RIs for TC, TG, LDL-C and non-HDL were significantly and clinically different from the non-pregnant RIs. The changes observed are dramatic; TC, TG and LDL-C concentrations increase throughout normal pregnancy due to reduced activity of lipoprotein lipase, insulin resistance and oestrogen stimulation.^6,41 Lipid results in pregnancy are routinely assessed using RIs specific to normal non-pregnant adults. During pregnancy, normal lipid results may be considered as highly abnormal if interpretated using these inappropriate RIs.
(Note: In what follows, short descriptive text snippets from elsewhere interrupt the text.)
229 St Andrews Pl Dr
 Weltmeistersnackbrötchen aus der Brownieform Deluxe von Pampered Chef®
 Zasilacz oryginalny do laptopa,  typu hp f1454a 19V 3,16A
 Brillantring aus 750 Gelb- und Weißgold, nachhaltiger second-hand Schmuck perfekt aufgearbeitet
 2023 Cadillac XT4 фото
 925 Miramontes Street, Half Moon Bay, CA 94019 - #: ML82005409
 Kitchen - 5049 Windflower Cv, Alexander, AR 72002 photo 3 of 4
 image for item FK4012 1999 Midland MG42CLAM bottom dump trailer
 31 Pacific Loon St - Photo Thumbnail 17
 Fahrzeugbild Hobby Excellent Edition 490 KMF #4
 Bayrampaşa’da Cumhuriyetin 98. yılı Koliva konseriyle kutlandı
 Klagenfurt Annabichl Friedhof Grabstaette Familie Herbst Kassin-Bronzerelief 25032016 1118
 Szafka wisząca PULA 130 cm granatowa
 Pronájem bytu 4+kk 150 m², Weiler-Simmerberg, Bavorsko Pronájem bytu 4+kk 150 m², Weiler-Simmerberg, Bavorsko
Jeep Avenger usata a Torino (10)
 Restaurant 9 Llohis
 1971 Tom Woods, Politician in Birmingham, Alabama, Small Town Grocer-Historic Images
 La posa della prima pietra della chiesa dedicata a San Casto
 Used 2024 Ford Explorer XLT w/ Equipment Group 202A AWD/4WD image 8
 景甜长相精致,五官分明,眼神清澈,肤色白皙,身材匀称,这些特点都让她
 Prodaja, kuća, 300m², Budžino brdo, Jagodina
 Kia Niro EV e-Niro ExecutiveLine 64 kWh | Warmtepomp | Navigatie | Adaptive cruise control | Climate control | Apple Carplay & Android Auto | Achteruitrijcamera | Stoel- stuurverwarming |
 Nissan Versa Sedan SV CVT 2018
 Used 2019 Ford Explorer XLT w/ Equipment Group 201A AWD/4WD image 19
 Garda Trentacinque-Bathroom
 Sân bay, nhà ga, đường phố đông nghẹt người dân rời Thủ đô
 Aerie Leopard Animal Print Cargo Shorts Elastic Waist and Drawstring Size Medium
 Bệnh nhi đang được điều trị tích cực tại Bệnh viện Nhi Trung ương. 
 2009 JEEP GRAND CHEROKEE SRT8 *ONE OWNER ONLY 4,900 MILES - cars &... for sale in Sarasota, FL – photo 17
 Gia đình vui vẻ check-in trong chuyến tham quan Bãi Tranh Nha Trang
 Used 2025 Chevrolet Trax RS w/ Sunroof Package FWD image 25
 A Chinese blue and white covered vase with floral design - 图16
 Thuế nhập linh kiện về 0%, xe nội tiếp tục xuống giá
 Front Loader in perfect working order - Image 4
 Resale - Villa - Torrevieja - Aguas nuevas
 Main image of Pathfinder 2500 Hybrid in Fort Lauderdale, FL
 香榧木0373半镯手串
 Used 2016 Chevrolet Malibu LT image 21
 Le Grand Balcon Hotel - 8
As a result, the potential risk for misdiagnosis (e.g. familial hypercholesterolaemia) or mismanagement is increased. Moreso, evolving evidence suggests that lipids can be used for identifying maternal and foetal complications, as well as individuals at risk of developing GDM, highlighting the importance of providing RI specific to pregnancy.^42–45 Women with underlying hypertriglyceridaemia are at risk of a severe rise in triglycerides during pregnancy and potentially pancreatitis. ⁴⁶

Thyroid disease is common in pregnancy and when untreated can lead to a plethora of adverse outcomes. In 2014, the European Thyroid Association recommended the use of trimester-specific-RIs to avoid misclassification of thyroid dysfunction in pregnant women. ⁴⁷ Our results show a decrease in both FT4 and TSH across all three trimesters in comparison to the non-pregnant RI, findings which are in accord with numerous studies reported on this topic. ⁴⁸

The haematological trimester-specific-RIs for RBC, WCC, Hb, Hct, platelet count and neutrophils were strongly in agreement with those reported by Markus et al. ⁴⁹ The decrease in Hb which is often referred to as ‘physiologic anaemia’ of pregnancy and decrease in Hct are common phenomena observed in pregnant women and have been previously reported.^4,50 The elevation of WCC and neutrophils in all trimesters is consistent with Dockree et al. ⁵¹ The WCC is frequently measured when there is suspicion of infection; thus, it is imperative that WCC results are interpreted in the context of normal pregnancy. Furthermore, it is critical to appreciate the influence of ethnicity on haematological parameters. Compared with whites, Africans show significantly lower levels of Hb, Hct, WBC, neutrophils and platelet counts.^52,53 This highlights the importance of knowing the characteristics of the reference population from which the RIs are established to ensure accurate diagnosis and patient management.